── Entries provided
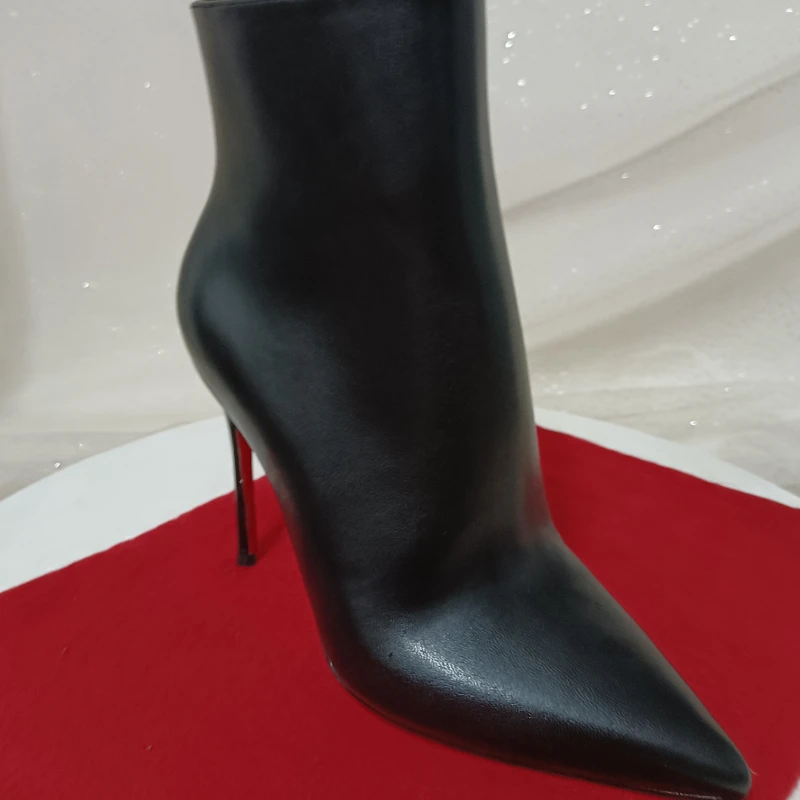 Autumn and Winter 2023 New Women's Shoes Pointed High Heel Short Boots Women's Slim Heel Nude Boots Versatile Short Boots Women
────
── Entries provided
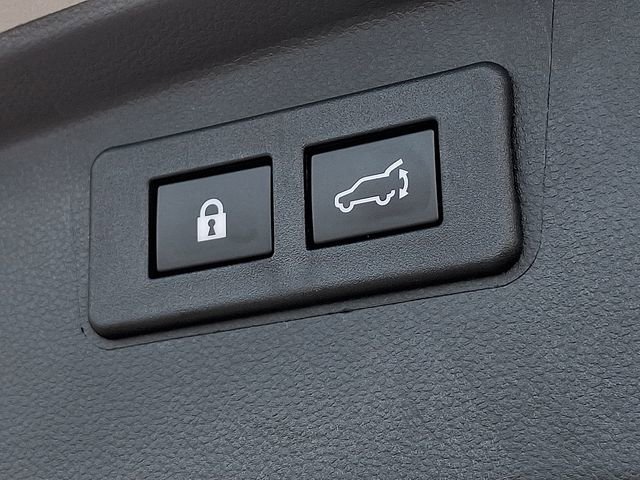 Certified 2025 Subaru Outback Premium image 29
────
── Entries provided
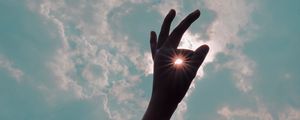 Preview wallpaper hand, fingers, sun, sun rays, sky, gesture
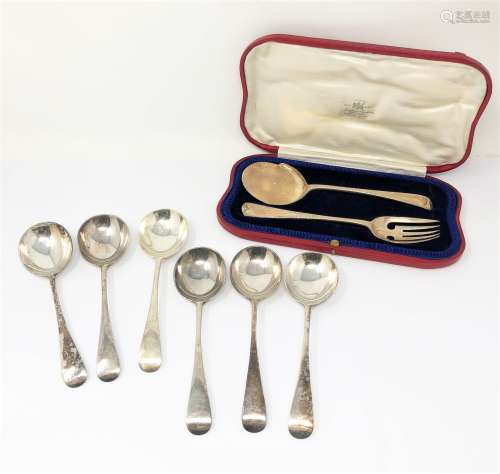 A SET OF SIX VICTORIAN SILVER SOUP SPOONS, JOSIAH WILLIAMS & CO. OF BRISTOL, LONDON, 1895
────
- [Task prompt] Exactly reproduce the lines above, starting at the one that contains "Preview wallpaper hand, fingers, sun, sun" and ending at the one that contains "A SET OF SIX", both inclusive; leave the pictures out and add no other lines.

- [Exercise output]
 Preview wallpaper hand, fingers, sun, sun rays, sky, gesture
 A SET OF SIX VICTORIAN SILVER SOUP SPOONS, JOSIAH WILLIAMS & CO. OF BRISTOL, LONDON, 1895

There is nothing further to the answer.